Barley should be careful what she wishes for. And this is not only due to the fact that the SPD is part of the government in Saxony, ensuring that the notoriously right-wing Christian Democrats (CDU) have a majority. More importantly, what is happening in Saxony is only a microcosm of a process that is well advanced at the national level.

The grand coalition of the CDU, Christian Social Union (CSU) and SPD has largely adopted the AfD’s policies, especially on the issue of refugees, and is going out of its way to praise the right-wing extremist party. The latest report by the domestic secret service, for which the federal government bears responsibility, gives the right-wing extremists a clean bill of health.

Neither the AfD, nor the open Nazi apologists in its ranks, nor Pegida are mentioned as targets in the report. By contrast, anyone who criticizes capitalism and advocates for a socialist program is immediately denounced as a “left-wing extremist” and stigmatized as being “opposed to the constitutional order.” The Sozialistische Gleichheitspartei (SGP) is identified as a “left-wing extremist party” and as an “object of observation.” The SGP has initiated a campaign against this.

The events in Dresden, together with the whitewash of the AfD in the secret service report, confirm that in the face of increasing social and international tensions, the ruling elite is resorting to the authoritarian methods of Bismarck and the Weimar Republic. At the time, it was a conspiracy of right-wing forces within the state apparatus that helped Hitler come to power so as to suppress all social and political opposition and destroy the workers’ movement.

Today, the grand coalition’s policies of social spending cuts, the strengthening of the state apparatus and militarism, which is supported by all of the parliamentary parties, is meeting with growing opposition. The grand coalition no longer has a majority according to the polls. Their readiness to retain democratic forms of rule is therefore rapidly evaporating.

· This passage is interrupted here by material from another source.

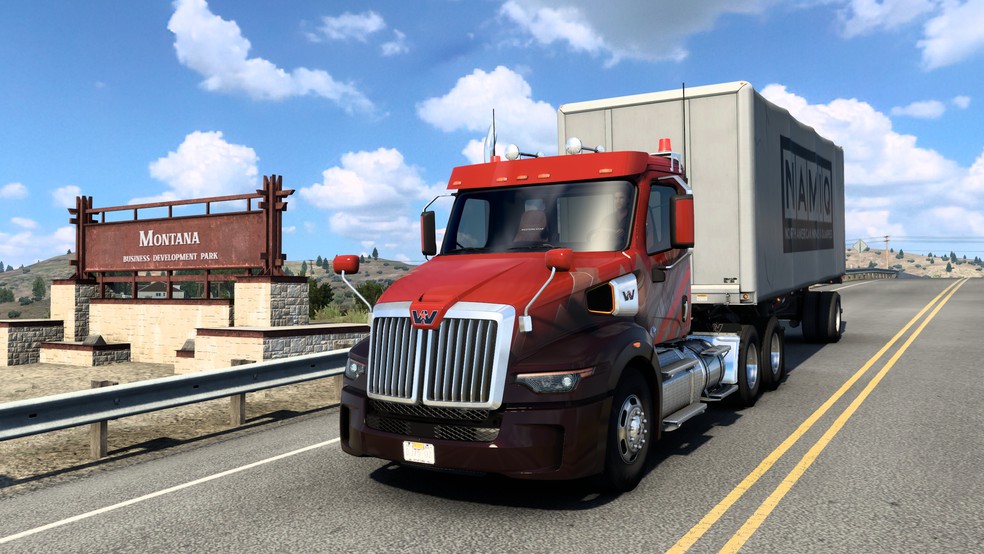 Image by urbanique75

The same applies to the so-called opposition parties. The daily Tagesszeitung, the mouthpiece of the Greens, expressed its understanding for Kretschmer’s behavior. The Greens are involved in a number of governments and even hold the position of minister president in Baden-Württemberg.

Kretschmer “unconditionally defended his police force. That’s what minister presidents should do,” stated a TAZ comment on Thursday. “Because even if it was a right-wing extremist demonstrator who provoked the operation with his impertinence, and although three quarters of an hour is a long time to confirm someone’s identity, and also although this all ultimately led to the police preventing the journalists from doing their job without cause, one could easily confuse this with a somewhat unhelpful routine measure, perhaps even with a particularly firm enforcement of constitutional principles.”

The TAZ merely criticized the fact that Kretschmer could “not rely on his police.” The exposure of the Pegida provocateur as an LKA employee, the paper said with disapproval, would now “cost him dearly.”

The Left Party has also restrained itself from making any substantive comments. If the accusations prove true, Saxony’s police would have once again made themselves “accomplices of the Pegida supporters,” said Enrico Stange, a deputy in Saxony’s state parliament.

The Left Party is also up to its neck in the right-wing conspiracy involving the state apparatus. In every election program, the party calls for a major police build-up, and it implements this demand in the states where it participates in government. Christine Ostrowski, after a career in the East German state party SED and its successor organization, the PDS, and after leading the Left Party for 10 years in Dresden, now calls for a vote for the AfD.

The struggle against the right-wing conspiracy in the state apparatus requires a break from all of these parties and the building of an independent, internationalist and socialist party of the working class—the Sozialistische Gleichheitspartei.